Still, those arguments also only go so far—which is to say, they don’t go far enough to address the risk fully. Which is why 28 percent of audit committee members, according to KPMG, list the control environment of the extended enterprise as one of their top worries.
The challenge with contract labor is that for all the due diligence, training, and ethics certifications a compliance program might impose, everything still hinges on one person serving two masters. I worry about how companies can make that work, when the business using contractor labor is always sending a subtle message: you’re disposable talent. As soon as it makes more sense to prune back on contractors, the company will.
Yes, some people enjoy working as contract labor; I’m one of them. But many others don’t. Many want to turn a contracted job into a full-time job, and the plain truth is that contractor status isn’t the same as full-time status. Companies even use differently colored ID badges to distinguish between contractors and full-time employees. If anything could ever tell a contractor, “You’re not one of us,” it’s a gesture like that.
Objectives in Conflict
When companies decide to pursue a strategy of contract labor, they’re trying to achieve one type of objective: operational. But as any student of the COSO cube knows, effective internal control balances other types of objectives, too—including compliance. And the most important part of effective internal control is a healthy control environment.

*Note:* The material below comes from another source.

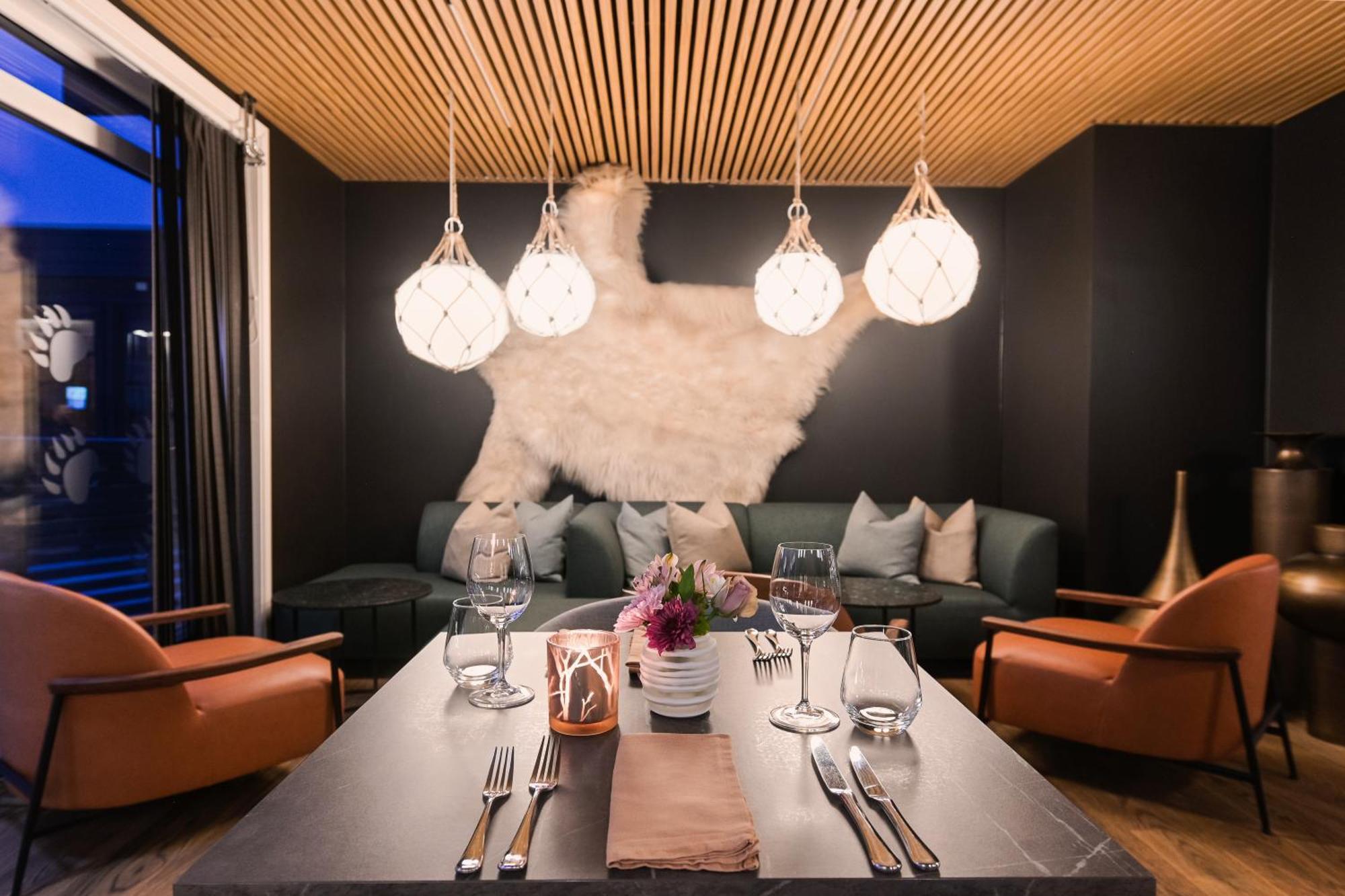 Svalbard Hotell | Polfareren Longyearbyen Ngoại thất bức ảnh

Let’s state that point again more plainly: reliance on contract labor pits operational and compliance objectives against each other. The more you use contractors, the weaker your grasp becomes over the extended enterprise’s control environment.
That, in turn, means you need greater reliance on the other components of effective internal control: shrewder risk assessment, better information & communication, more control activities, more monitoring.
And contractors are only one slice of the extended enterprise that boards worry about. One step removed from them are resellers and distributors (always famous for increasing your FCPA risk), plus all the other assorted partners who somehow convey your company’s brand and business proposition out to the wider world.
So maybe contract employees do make smart financial sense in the near term. But they make your job more complicated over the long term.
Something to think about for the next audit committee meeting.